=== Your assignment ===
State only how many lines of the records contain the string "image".

═════ Extracted information ═════

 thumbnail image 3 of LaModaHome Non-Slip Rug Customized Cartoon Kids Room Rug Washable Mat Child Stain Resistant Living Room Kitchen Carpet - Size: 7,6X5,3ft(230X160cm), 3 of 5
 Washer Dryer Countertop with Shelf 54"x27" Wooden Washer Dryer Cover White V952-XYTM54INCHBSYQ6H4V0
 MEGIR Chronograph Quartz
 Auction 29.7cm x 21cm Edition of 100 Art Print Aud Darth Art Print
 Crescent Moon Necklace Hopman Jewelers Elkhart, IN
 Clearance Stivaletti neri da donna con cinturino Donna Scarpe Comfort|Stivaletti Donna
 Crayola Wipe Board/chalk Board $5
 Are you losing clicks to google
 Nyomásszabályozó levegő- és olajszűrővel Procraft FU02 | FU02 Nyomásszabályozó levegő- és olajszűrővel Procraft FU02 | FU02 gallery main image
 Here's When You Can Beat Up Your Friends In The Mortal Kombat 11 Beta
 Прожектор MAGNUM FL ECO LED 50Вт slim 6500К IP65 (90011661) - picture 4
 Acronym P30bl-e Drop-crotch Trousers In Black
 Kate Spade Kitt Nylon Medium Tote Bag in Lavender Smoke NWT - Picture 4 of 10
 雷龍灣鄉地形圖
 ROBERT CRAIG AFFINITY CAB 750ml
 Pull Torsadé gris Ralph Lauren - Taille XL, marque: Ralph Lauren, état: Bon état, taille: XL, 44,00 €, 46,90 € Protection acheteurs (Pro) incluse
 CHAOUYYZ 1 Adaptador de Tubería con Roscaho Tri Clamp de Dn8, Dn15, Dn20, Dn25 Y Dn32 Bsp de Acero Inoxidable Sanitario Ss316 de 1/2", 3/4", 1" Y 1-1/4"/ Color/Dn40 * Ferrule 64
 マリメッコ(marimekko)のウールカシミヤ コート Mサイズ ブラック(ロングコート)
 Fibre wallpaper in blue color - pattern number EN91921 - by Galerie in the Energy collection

═════

=== Output for this exercise ===
2